===== Data listing =====

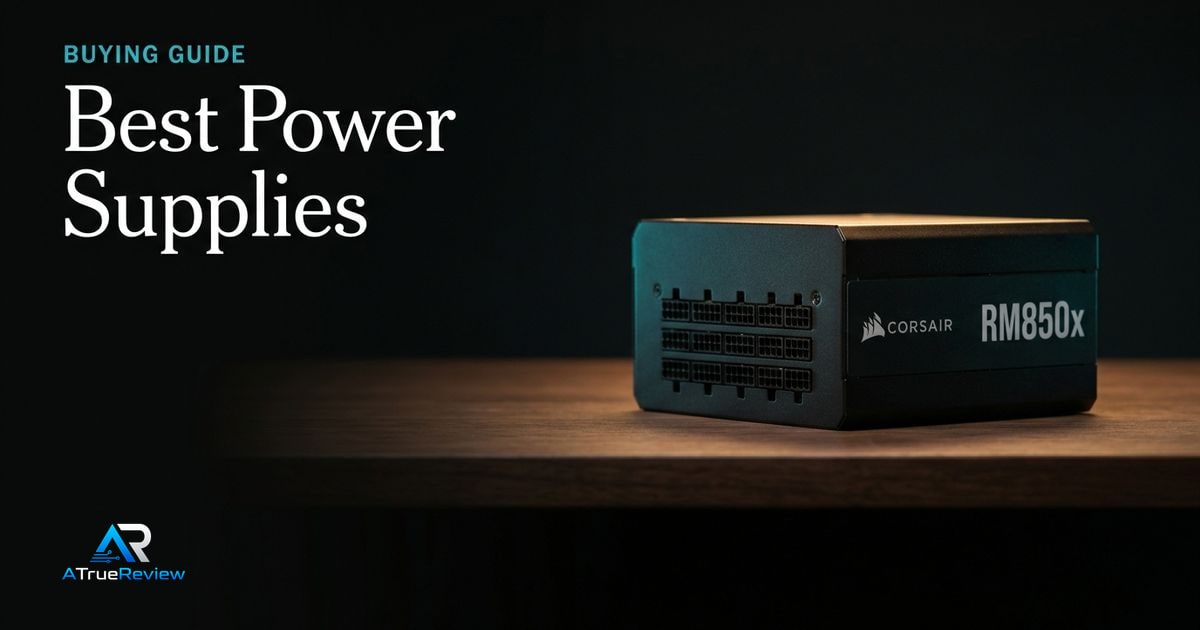 Best Power Supplies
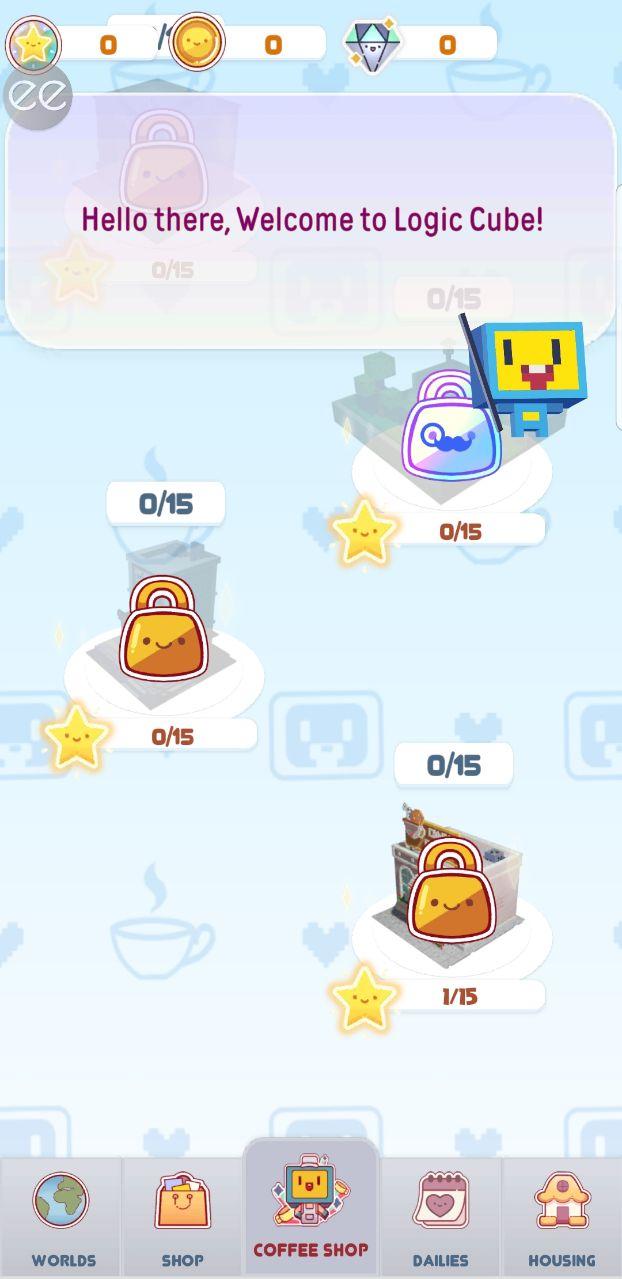 Logic Cube(逻辑立方体修改器版) 0.5.2安卓版截图1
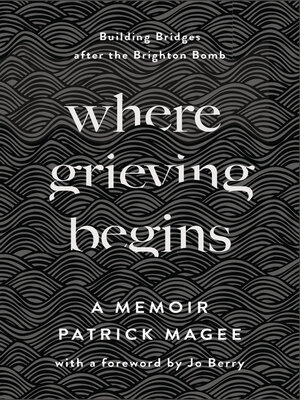 cover image of Where Grieving Begins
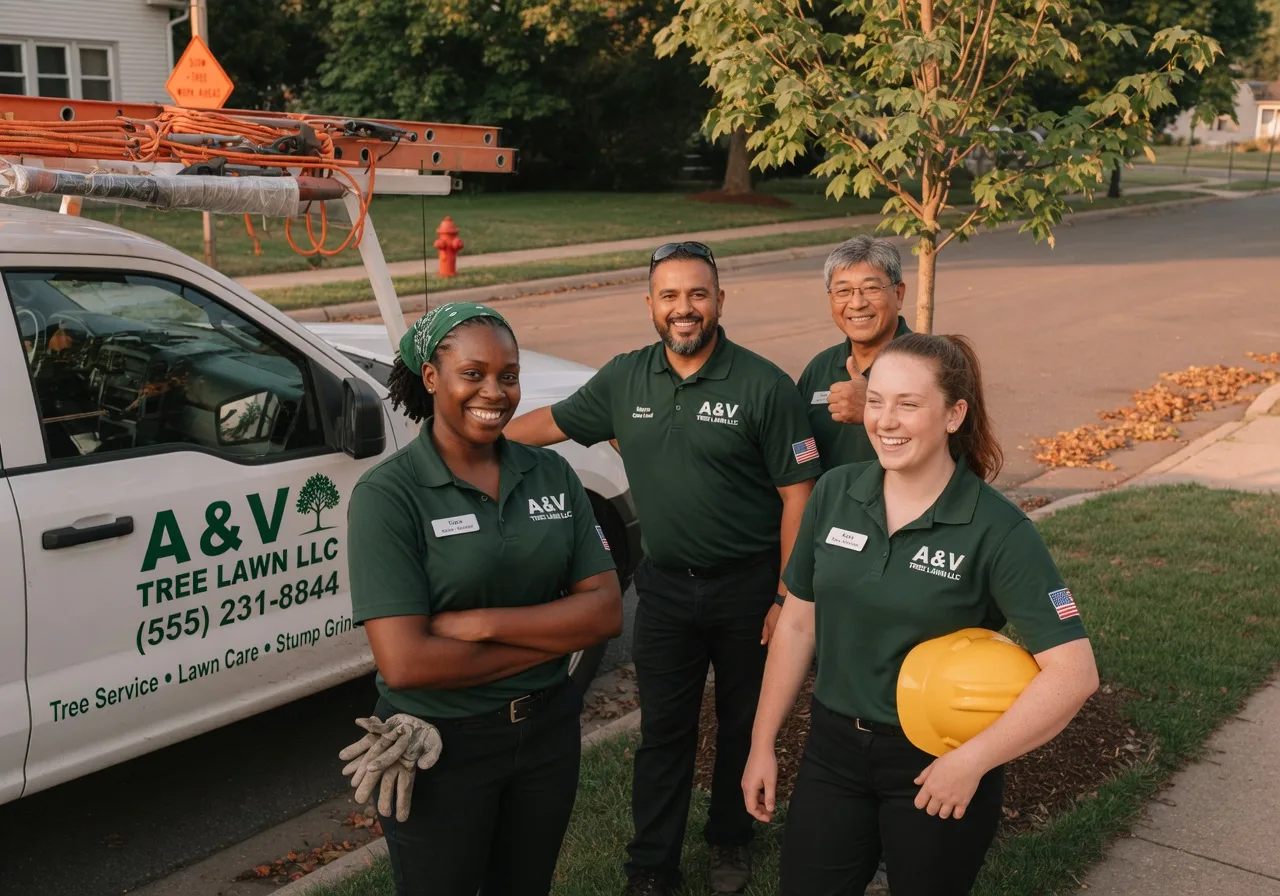 Tree Service company in Wimauma, FL
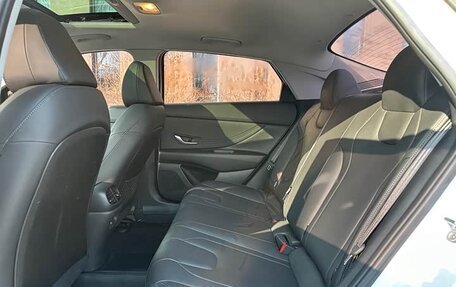 Hyundai Elantra, 2022 год, 1 495 760 рублей, 19 фотография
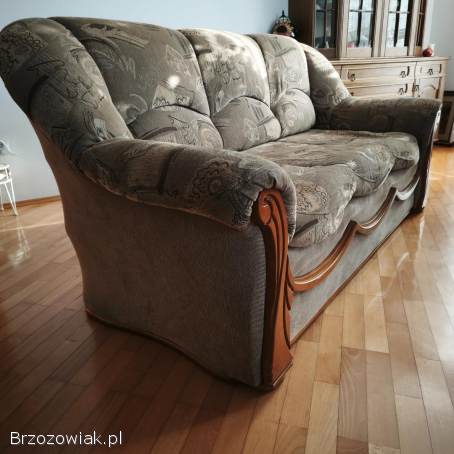 Sofa / kanapa trzyosobowa rozkładana z funkcją spania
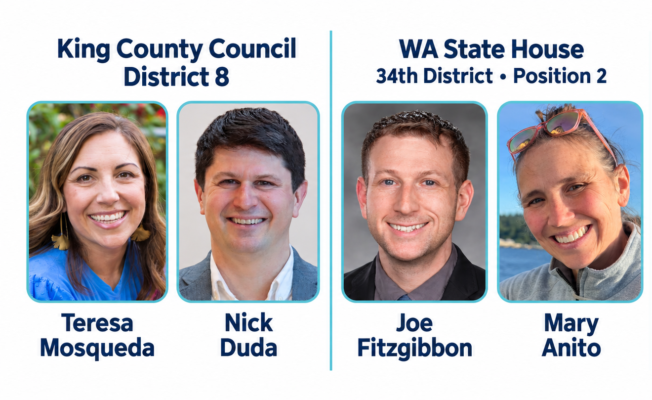 ELECTION 2026: One week until ballots go out. Two chances ahead to see candidate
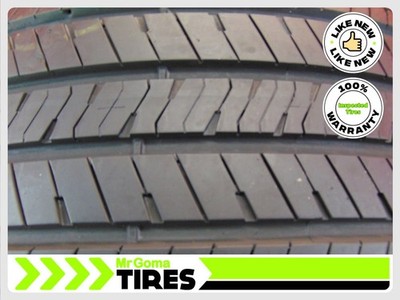 1 GOODYEAR  EAGLE TOURING MOE RFT XL 255/55R18 USED TIRE 8.3/32 TREAD RUN FLAT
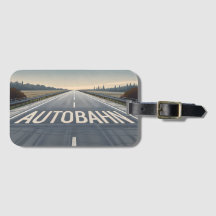 Autobahn Oändlig Vägperspektiv Konst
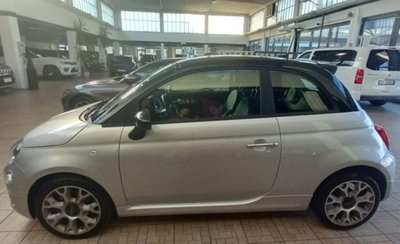 Fiat 500 1.0 Hybrid Connect (2)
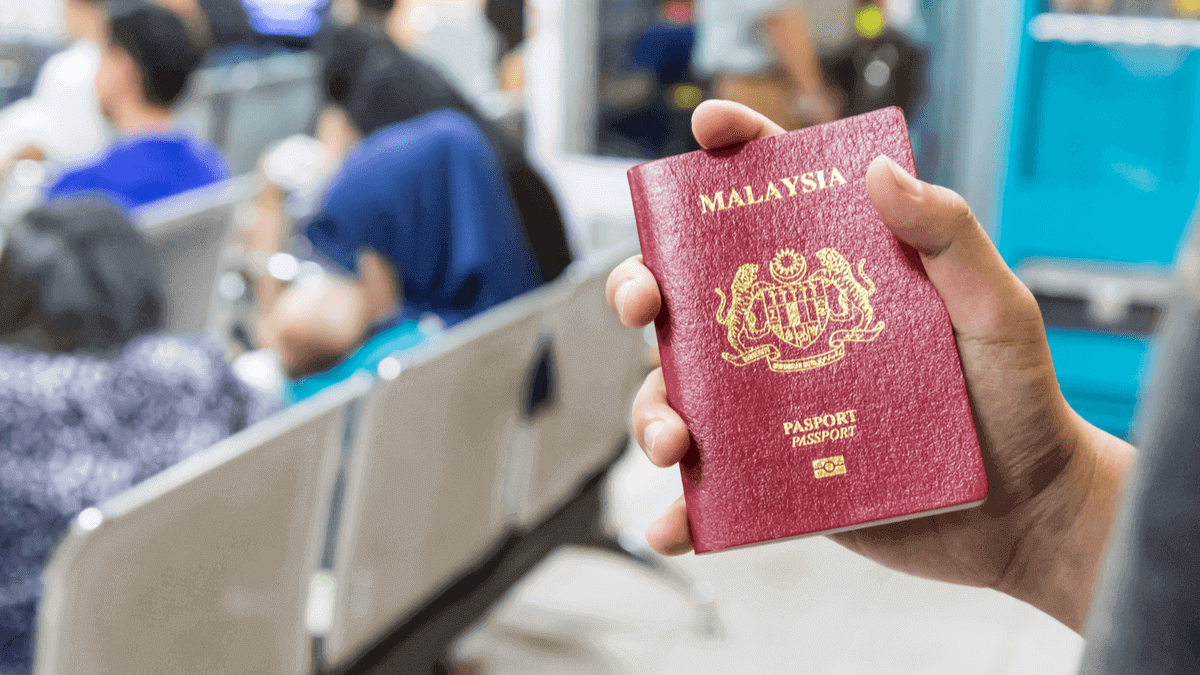 Passport malaysia online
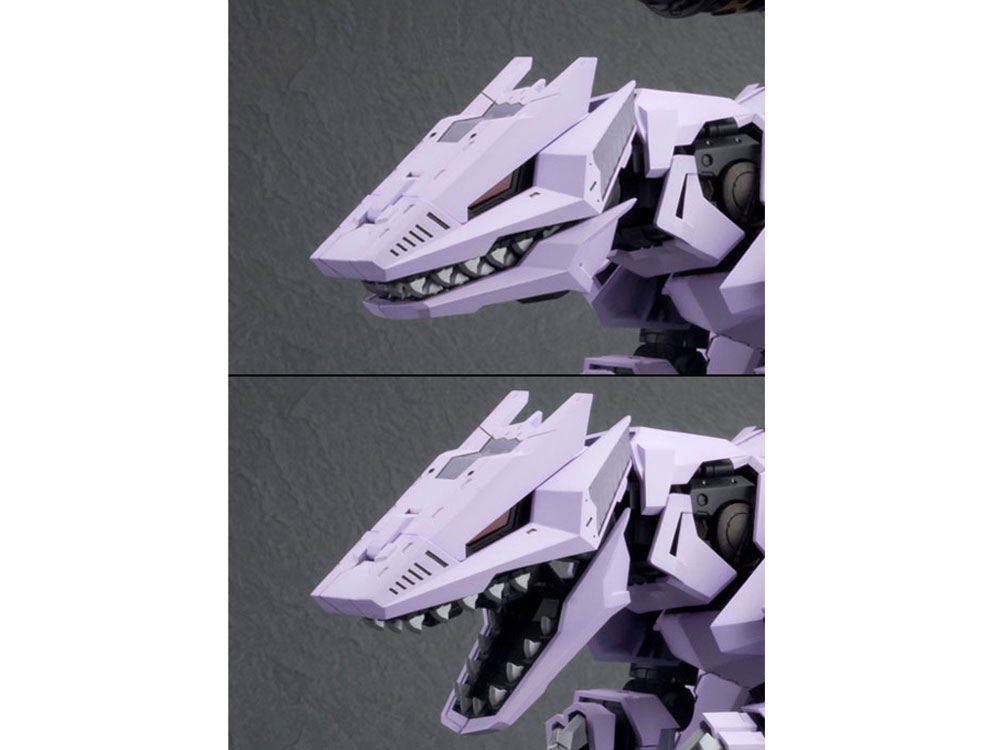 HMM�V���[�Y ZOIDS 1/72 EZ-049 �o�[�T�[�N�t���[���[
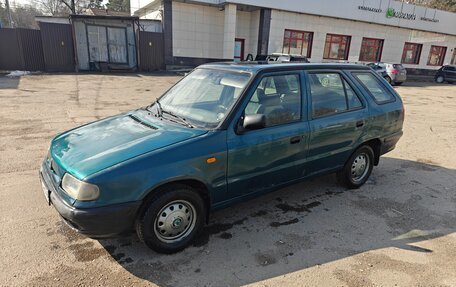 Skoda Felicia I рестайлинг, 1997 год, 195 000 рублей, 5 фотография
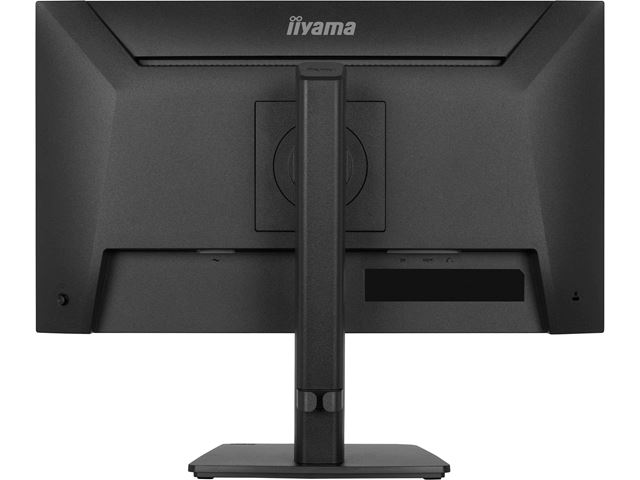 iiyama ProLite monitor XB2491HS-B1 24" IPS, Height Adjustable, Full HD, Black, Ultra Slim Bezel, HDMI, Display Port, 120hz, speakers image 13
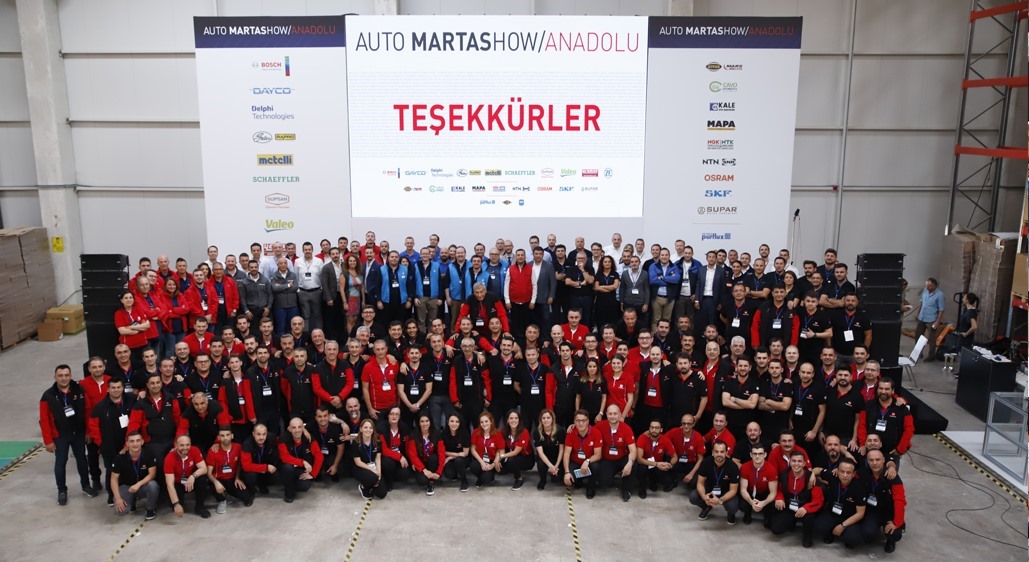 AUTO MARTASHOW / ANADOLU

=====

Required action. Reproduce the lines of the data that run from the one containing "iiyama ProLite monitor" to the final line, both included, exactly as they appear and without the pictures.

Written reply.
 iiyama ProLite monitor XB2491HS-B1 24" IPS, Height Adjustable, Full HD, Black, Ultra Slim Bezel, HDMI, Display Port, 120hz, speakers image 13
 AUTO MARTASHOW / ANADOLU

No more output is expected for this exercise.